Aus den geistigen Bezügen zwischen Ost und West, die er findet, zieht Gebser die Hoffnung auf eine «Grosse Begegnung» der Kulturen, die sich anbahne. Allerdings: «Wenn die ‘Grosse Begegnung’ Wirklichkeit werden soll, so gewiss nicht dadurch, dass der Westen den Osten rational durch die Europäisierung oder Amerikanisierung besiegt oder umgekehrt der Osten den Westen in eine irrationale Knechtschaft und Abhängigkeit zu zwingen sucht. Wo es Sieger gibt und Besiegte, da wird es nie Frieden geben. Und der Friede ist die Voraussetzung für die ‘Grosse Begegnung’.»

Fünfzig Jahre, nachdem Gebser die Hoffnung auf diese «Grosse Begegung» formuliert hat, ist es schwer, sie nicht endgültig zu verlieren. Er formulierte seine Hoffnung so klar, weil «der Verstand, seit er die Vernunft verlor, […] sich zu blosser Ratio erniedrigt» habe und deshalb dringend überwunden werden müsse.
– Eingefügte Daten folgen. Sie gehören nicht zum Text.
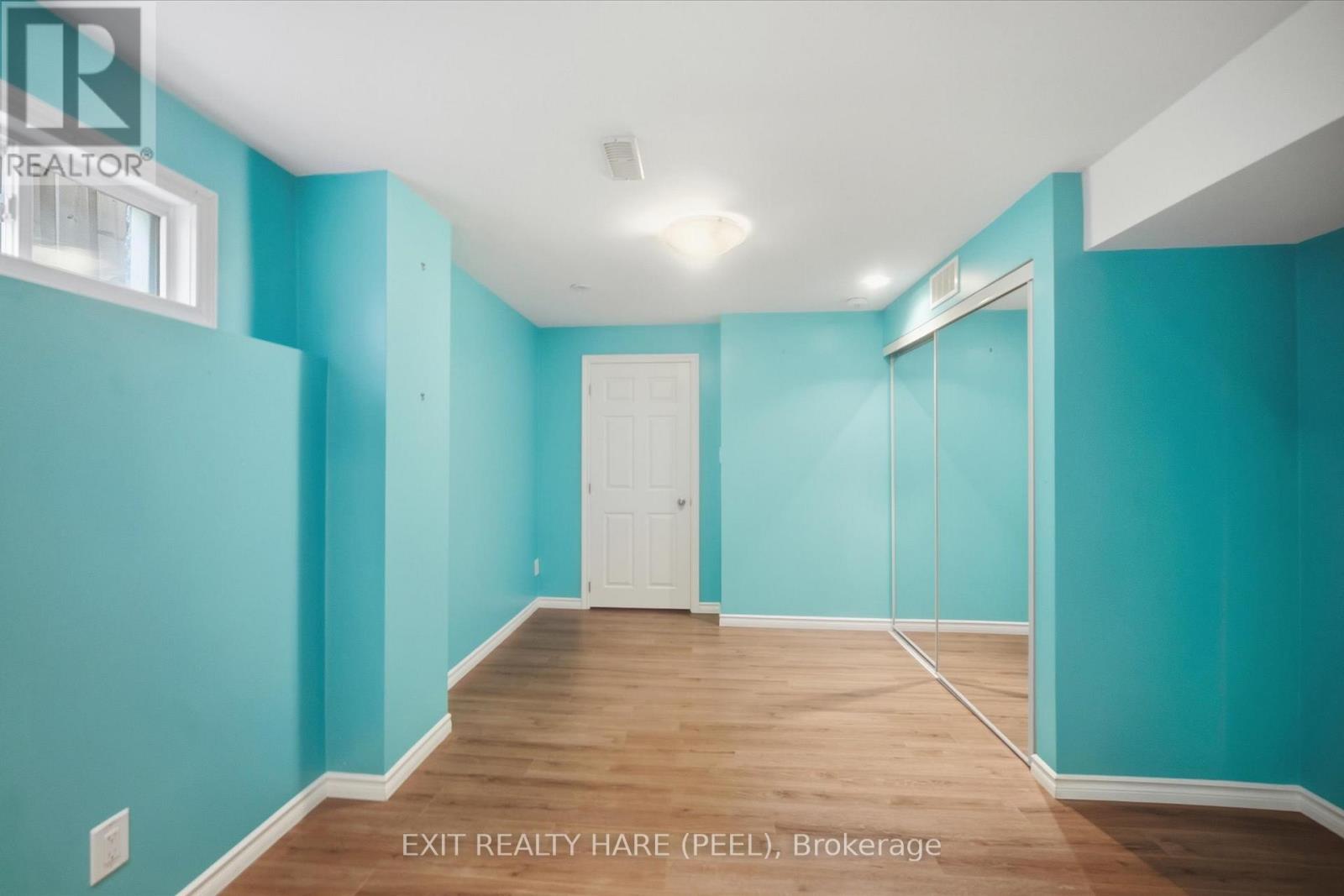 174 IRWIN AVENUE - 42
Dieser Verstand ohne Vernunft dominiert aber auch heute – wie zu Gebsers Zeit im Kalten Krieg – ungebrochen die grossen politischen Diskurse: Der gesellschaftliche Reichtum wird solange von unten nach oben umverteilt, bis die Kosten zur Bekämpfung sozialer Unruhen zu teuer werden. Die Kämpfe um die verbliebenen Ressourcen der Welt (inklusive Wasser) werden immer bedrohlicher. Und die Klimakatastrophe wird von den Zuständigen routinemässig zur «Klimaveränderung» beschönigt, die mit dem Handeln der Menschen sowieso nichts zu tun habe.

Tatsächlich: Der politische Verstand hat die Vernunft verloren.

Nötig ist ein anderes Bewusstsein

Darum mahnt Gebser in seinen späten Texten leitmotivisch, die Mutation zum integralen Bewusstsein nicht zu verpassen. Er warnt davor, dass «das heutige Europa nahe am Abgrund lebt» und dass die heutige Menschheit ohne «Intensivierung des Bewusstseins […] infolge Missbrauchs und Leerlaufs rationaler Fähigkeiten zugrunde gehen» werde. Ohne eine neue Lebensgestaltung durch das integrale Bewusstsein seien «Welt und Menschheit zum Tode verurteilt».

Gegen diesen selbstzerstörerischen Verstand ohne Vernunft und um nicht in den «Chor der Niedergängler» einstimmen zu müssen, formuliert Gebser seine Hoffnung: «In dem Masse, wie wir das neue, das integrale Bewusstsein auszubilden vermögen, wachsen uns die Kräfte zu, dank deren wir der Menschheit und damit auch uns die Chance geben, noch einmal zu überleben.»